- Title card
- Genre: Game show
- Developed by: Endemol
- Written by: Paolo Bustamante
- Directed by: Bert de Leon
- Presented by: Vic Sotto
- Theme music composer: ispy music
- Country of origin: Philippines
- Original language: Tagalog
- No. of seasons: 1
- No. of episodes: 19

Production
- Executive producer: Lian Garcia-Tayona
- Production location: Broadway Centrum
- Running time: 60 minutes
- Production company: Endemol

Original release
- Network: TV5
- Release: October 14, 2012 – February 17, 2013

Related
- The Million Pound Drop Live; Million Dollar Money Drop;

= The Million Peso Money Drop =

The Million Peso Money Drop is a Philippine television game show broadcast by TV5. The show is based on the original British formatThe Money Drop. Hosted by Vic Sotto, It aired from October 14, 2012, to February 17, 2013, replacing Who Wants to Be a Millionaire? and was replaced by Sine Ko 5ingko. The show aired every Sundays, 8:30 pm (UTC+8).

==Format==
===Gameplay===
A pair with a pre-existing relationship is given ₱1 million, split into 40 bundles of ₱25,000 in ₱20 bills, at the beginning of the game. Contestants are presented with multiple-choice questions, typically either general knowledge or current events.
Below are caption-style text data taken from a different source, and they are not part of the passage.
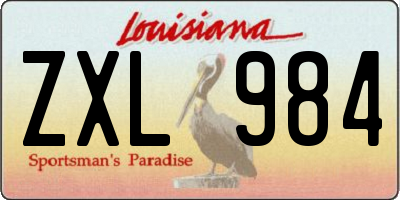 LA license plate ZXL984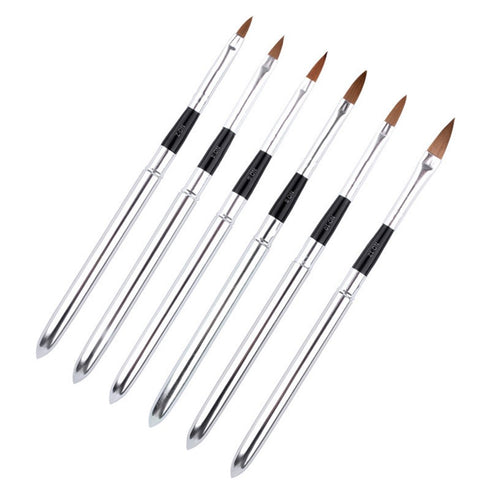 WOKOTO 6pcs Nail Brushes, Silver Metal Handle Nail Art Builder Crystal Carve Brush Set for 3D Pattern Design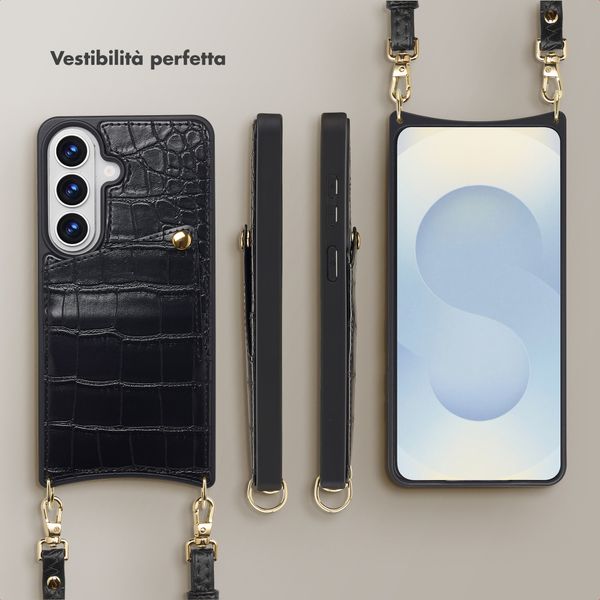 Selencia Cover per telefono Nova Croco con cordino e portacarte Samsung Galaxy S26 - Nero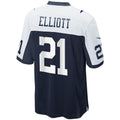 D.Cowboys #21 Ezekiel Elliott Navy Alternate Game Football Jersey
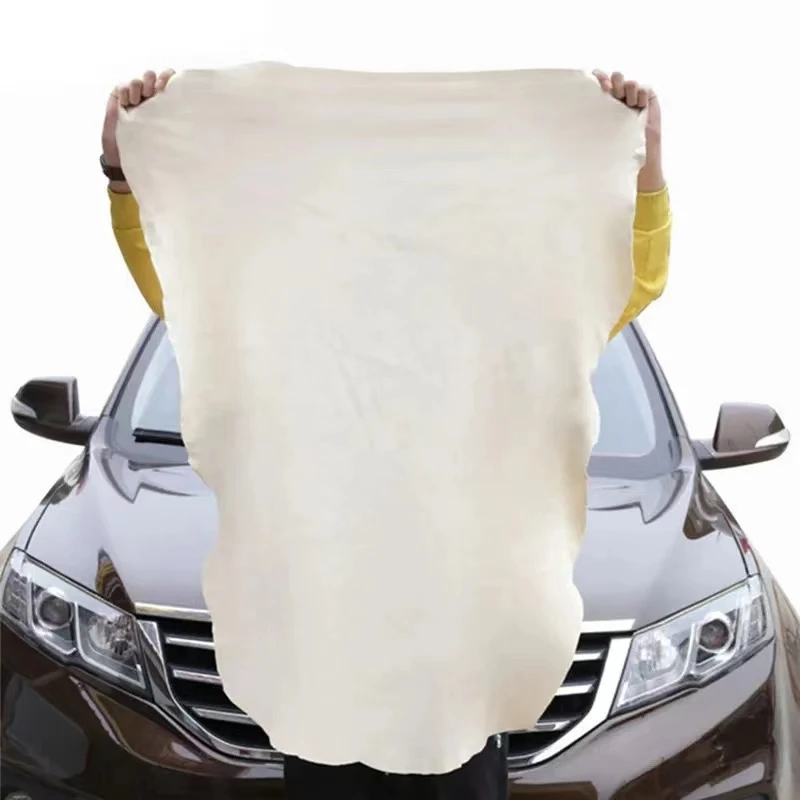 Natural Chamois Leather Car Washing Towels Super Absorbent Car Home Window Glass Suede Cleaning Cloth Dry Car Wash Accessories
The contestants select one of the two categories presented at the beginning of each round. Each answer option is shown, which corresponds to a different trapdoor, known as a "drop". Among the presented options, only one answer is correct. The question is then revealed and the contestants are given a few seconds to discuss their answer. They are given 60 seconds to place all their money on the corresponding trapdoor of the answer they deem correct. However, if they are unsure of the correct answer, they may distribute their money among the drops as they see fit, but they must leave one drop clear without any money. Any bundles of money not placed on any drop at the end of 60 seconds are forfeited. The contestants may choose to stop the clock before the timer is up if they are satisfied with their choice of answers.

After the timer either runs out or is stopped, the host asks the contestants to "Step forward.", followed by the catchphrase, "Let's do the drop!". The drops for the incorrect answers are either opened altogether or one by one. Any money placed on these drops falls down the chute and is removed from the game by the security guards below the stage. Meanwhile, any money placed on the drop with the correct answer is carried over to the next question.

The process repeats until the contestants either run out of money and lose, or successfully answer the final question and win any remaining money.

The number of answers vary throughout the game as show below:

| Question No. | No. of answers |
|---|---|
| 1–4 | 4 |
| 5–7 | 3 |
| 8 | 2 |

===Quick Change===
The contestants may use the "Quick Change" once during their entire game on any question except the eighth. This gives the contestants an additional 30 seconds to discuss and redistribute their cash among the trapdoors if needed. They may also distribute any money left unplaced on any trapdoor when the 60-second timer ran out.